• Exercise details
Using "Foto" as the search string, find the matching lines below and copy them.

• Exercise inputs

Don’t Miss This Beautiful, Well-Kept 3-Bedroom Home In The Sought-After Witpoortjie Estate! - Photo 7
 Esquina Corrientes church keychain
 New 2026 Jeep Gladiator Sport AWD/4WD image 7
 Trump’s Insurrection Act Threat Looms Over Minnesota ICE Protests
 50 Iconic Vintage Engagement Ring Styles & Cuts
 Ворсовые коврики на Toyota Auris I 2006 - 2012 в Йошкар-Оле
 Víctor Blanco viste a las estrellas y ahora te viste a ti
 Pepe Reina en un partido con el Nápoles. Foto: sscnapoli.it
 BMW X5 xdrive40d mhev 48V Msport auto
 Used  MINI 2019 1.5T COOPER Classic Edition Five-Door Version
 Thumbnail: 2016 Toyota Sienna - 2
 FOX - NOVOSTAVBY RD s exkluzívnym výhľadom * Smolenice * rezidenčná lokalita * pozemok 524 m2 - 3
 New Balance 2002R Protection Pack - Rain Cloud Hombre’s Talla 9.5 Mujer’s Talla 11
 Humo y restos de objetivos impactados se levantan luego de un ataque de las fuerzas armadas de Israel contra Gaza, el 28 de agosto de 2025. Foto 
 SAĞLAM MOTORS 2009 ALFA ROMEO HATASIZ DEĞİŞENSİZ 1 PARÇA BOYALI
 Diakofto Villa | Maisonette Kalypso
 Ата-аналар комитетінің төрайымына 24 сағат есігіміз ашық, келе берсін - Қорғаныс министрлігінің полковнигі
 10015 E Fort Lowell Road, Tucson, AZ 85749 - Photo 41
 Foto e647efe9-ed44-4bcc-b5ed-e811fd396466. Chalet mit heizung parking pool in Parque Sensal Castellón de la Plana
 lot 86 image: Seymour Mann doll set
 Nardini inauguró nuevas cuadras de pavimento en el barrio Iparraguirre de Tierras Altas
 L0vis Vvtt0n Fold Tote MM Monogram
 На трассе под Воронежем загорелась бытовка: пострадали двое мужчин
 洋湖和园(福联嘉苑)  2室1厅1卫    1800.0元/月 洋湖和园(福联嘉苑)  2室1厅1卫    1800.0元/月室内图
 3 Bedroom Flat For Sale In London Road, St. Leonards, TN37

• Output of the exercise
 Pepe Reina en un partido con el Nápoles. Foto: sscnapoli.it
 Humo y restos de objetivos impactados se levantan luego de un ataque de las fuerzas armadas de Israel contra Gaza, el 28 de agosto de 2025. Foto 
 Foto e647efe9-ed44-4bcc-b5ed-e811fd396466. Chalet mit heizung parking pool in Parque Sensal Castellón de la Plana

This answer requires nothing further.